Background and objectives: We studied the relationship between microinflammation and endothelial damage in chronic kidney disease (CKD) patients on different dialysis modalities.
Design, setting, participants, & measurements: Four groups of CKD stage 5 patients were studied: 1) 14 nondialysis CKD patients (CKD-NonD); 2) 15 hemodialysis patients (HD); 3) 12 peritoneal dialysis patients with residual renal function >1 ml/min (PD-RRF >1); and 4) 13 peritoneal dialysis patients with residual renal function <or=1 ml/min (PD-RRF <or=1). Ten healthy subjects served as controls. CD14(+)CD16(+) cells and apoptotic endothelial microparticles (EMPs) were measured by flow cytometry. Serum vascular endothelial growth factor (VEGF) was measured by ELISA.
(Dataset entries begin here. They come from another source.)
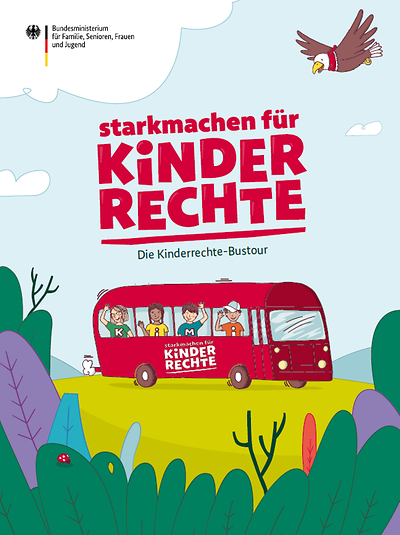 Titelseite der Broschüre "Starkmachen für Kinderrechte - Die Kinderrechte-Bustour"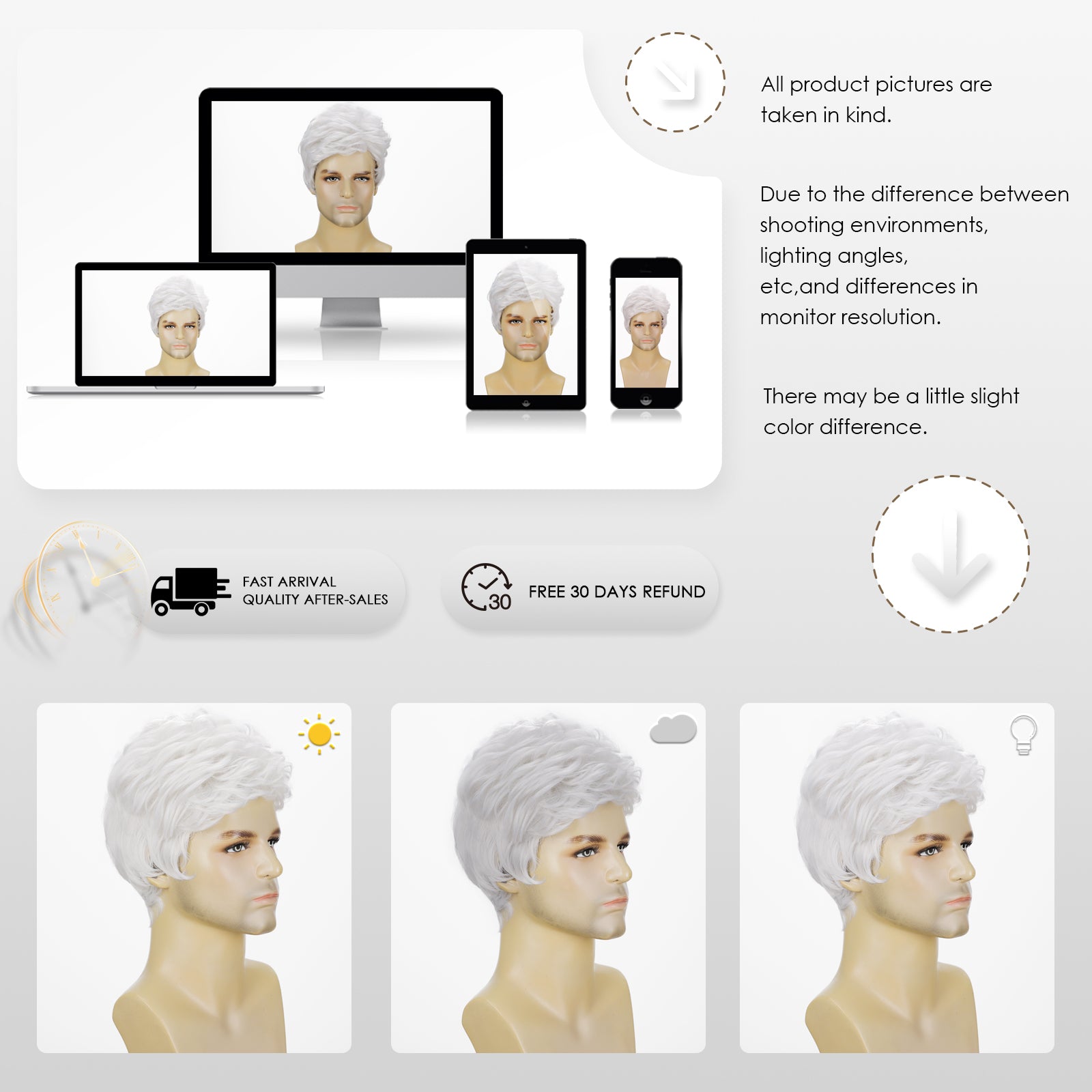 High-Temperature Resistant Men's Wig – Synthetic Fiber, Perm-Friendly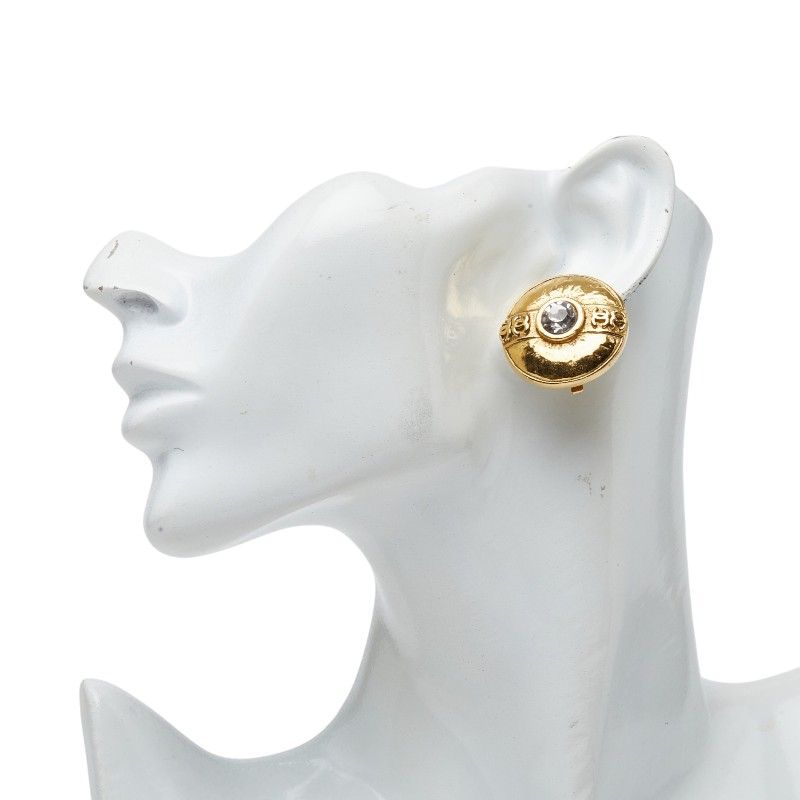 Chanel Vintage Single Earrings Gold Plated Rhinestone — view 4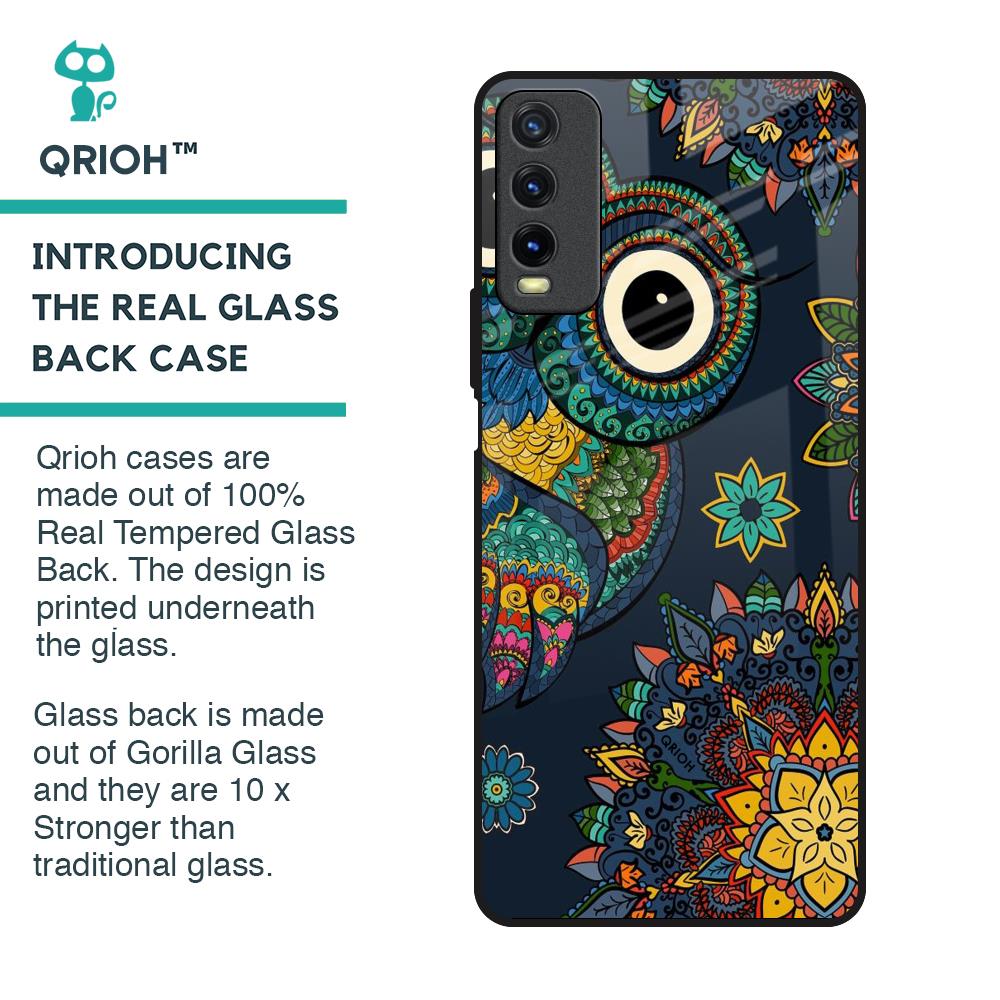 Owl Art Glass Case for Vivo Y20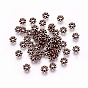 Tibetan Style Alloy Daisy Spacer Beads, Flower, Lead Free & Cadmium Free, 4.5x1.5mm, Hole: 1mm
Results: CKD-NonD and HD patients had a higher percentage of CD14(+)CD16(+) monocytes than PD groups and controls. CD14(+)CD16(+) was similar in the PD groups, regardless of their RRF, and controls. The four uremic groups displayed a marked increase in apoptotic EMPs and VEGF compared with controls. Apoptotic EMPs and VEGF were significantly higher in HD patients than in CKD-NonD and both PD groups. However, there were no significant differences between CKD-NonD and the two PD groups. There was a correlation between CD14(+)CD16(+) and endothelial damage in CKD-NonD and HD patients, but not in PD and controls.
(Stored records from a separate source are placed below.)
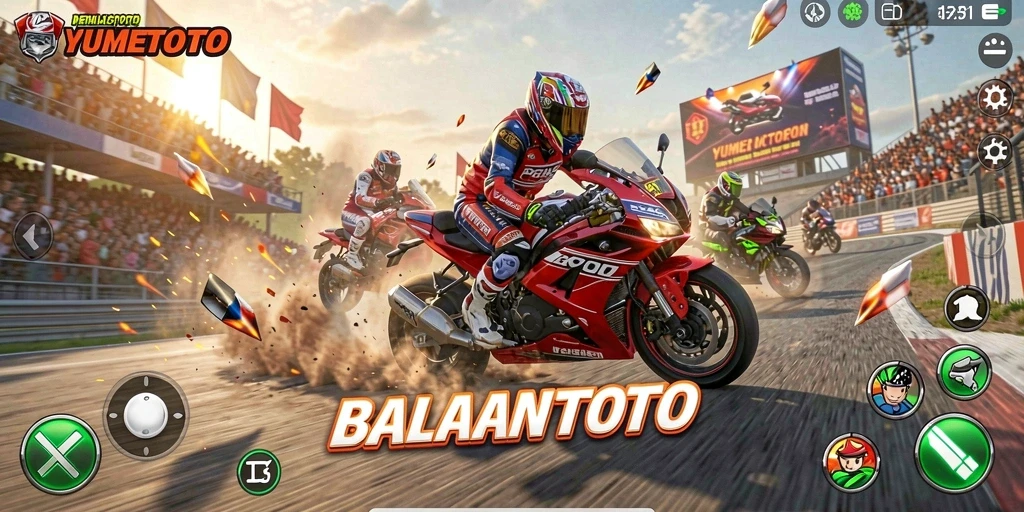 Gameplay YUMETOTO menampilkan balapan motor yang seru dan menegangkan.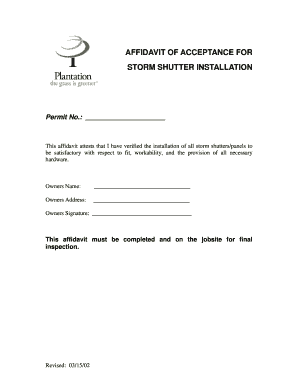Affidavit of Acceptance for Storm Shutter Installation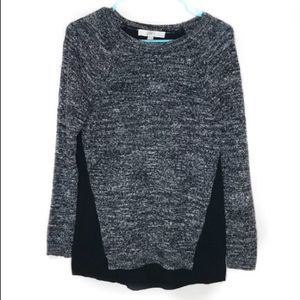 LOFT Gray and Black Crew Neck Sweater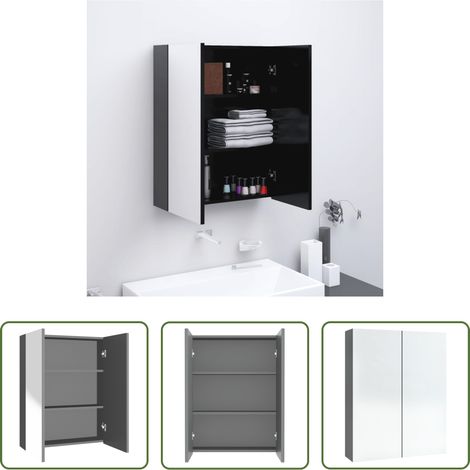 vidaXL Badezimmer Schrank -  Bad-Spiegelschrank 60x15x75 cm MDF Anthrazit (1/5)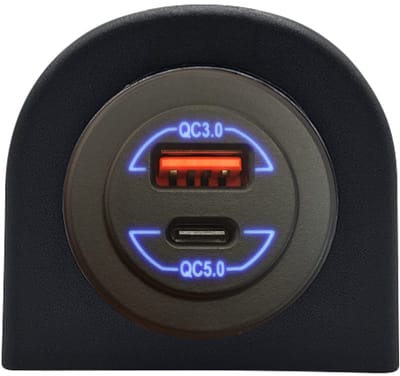 ProRide 12-24V USB/USB C Autolader 2 Poorten Opbouw - 36W+60W QC5.0 - Snellader - Enkelvoudig Paneel - Blauw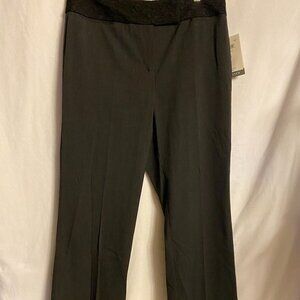 Emma James Golden Age Black Dress Pants with Lace Waist Band/Cuffed Size 14 NWT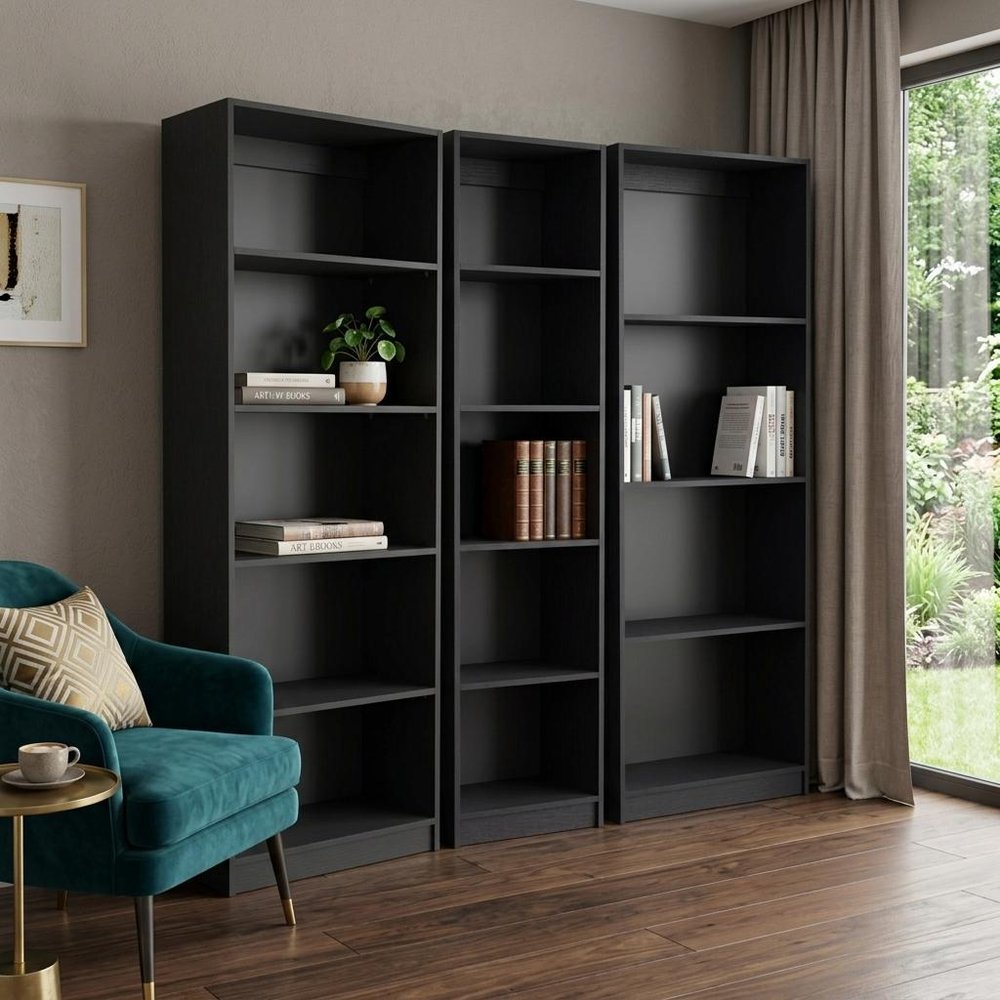 Set of Three Black Five Tier Bookcase HomeRoots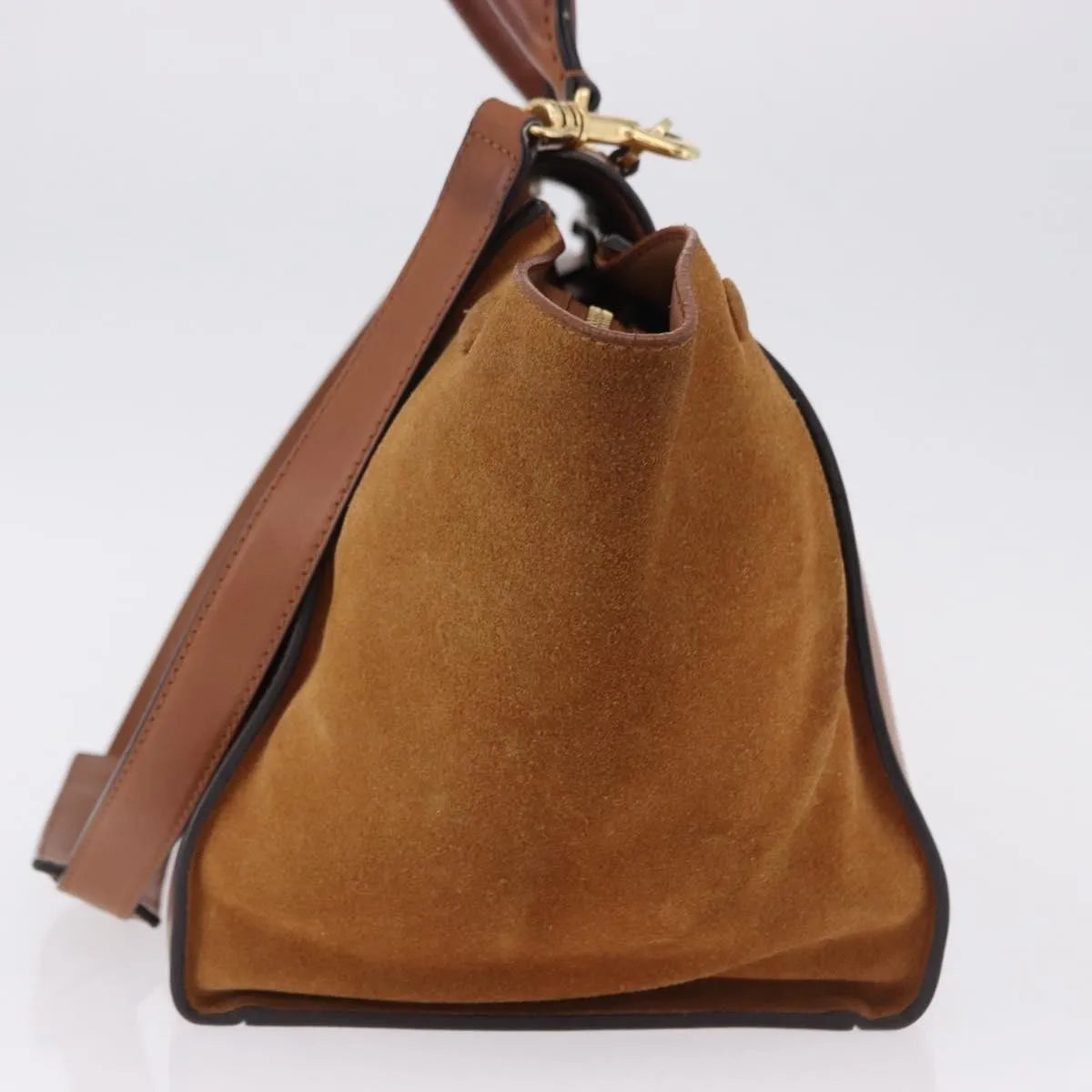 Celine Trapeze Leather, Brown, Leather, Handbag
Conclusions: There was an increase in CD14(+)CD16(+) only in CKD-NonD and HD patients. In these patients, there was a relationship between increased CD14(+)CD16(+) and endothelial damage. These results strongly suggest that other factors unrelated to the microinflammatory status mediated by CD14(+)CD16(+) are promoting the endothelial damage in PD, regardless of their RRF.